However, when the market shifted and investors began demanding profitability, they found themselves unprepared and caught in a difficult position.

A common factor among them is their reliance on highly operational and capital expenditure-intensive business models, which operate with very thin profit margins.

Copia Global is a Kenyan e-commerce platform connecting rural and peri-urban consumers to goods went bankrupt this year.

Let’s take the example of Copia.

Copia Global was a Kenyan-based e-commerce company ($60M+ raised) that aimed to serve the underserved rural and peri-urban populations in East Africa.

Founded in 2013, Copia Global aimed to solve the logistical challenges of delivering goods to underserved rural and peri-urban areas in Kenya and Uganda.

The company relied on a network of local agents—often small shop owners—who helped customers place orders, bridging the digital divide in regions with limited internet access.

Copia App

Copia managed its own logistics and delivery network to ensure timely delivery, offering a reliable service where traditional e-commerce struggled.

However, operating in these remote areas proved costly due to poor infrastructure, which significantly increased delivery expenses.

The high capital investment required for logistics, warehousing, and maintaining the agent network strained the company financially and Copia had to close 🤕.

From Hero to Zero 🦸👉🤦‍♂️

This week, I met with a founder who had a startup in Kenya that had raised tens of million of $$$ before going bankrupt last year.

It was a very interesting conversation, not only because it's rare to meet someone who has raised such significant amounts of money, but also because we rarely hear feedback from those who have experienced this kind of failure.

After closing their companies, founders often disappear for a while 🫠.

When his startup failed, he not only lost his house but also his wife.
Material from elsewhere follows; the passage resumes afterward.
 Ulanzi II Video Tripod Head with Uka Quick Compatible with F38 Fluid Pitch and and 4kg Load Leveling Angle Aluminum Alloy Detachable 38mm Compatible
He shared that one of the most challenging aspects was how quickly perceptions can change: from being celebrated as a successful person among friends and family to having your failure publicly dissected in the news.

The abrupt shift from believing you’re on the path to becoming a millionaire to suddenly needing to find a job was a harsh reality check.

Some of the bad decisions they made were heavily influenced by their investors: one day they were asked to expand into 10 different countries, and six months later, they were pressured to become profitable and cut costs.

We rarely hear these stories, but they are important for founders to know, especially first-time founders.

There is no magical money🪄❌💰.

When you take the VC track, you either go big (…and profitable) or go home.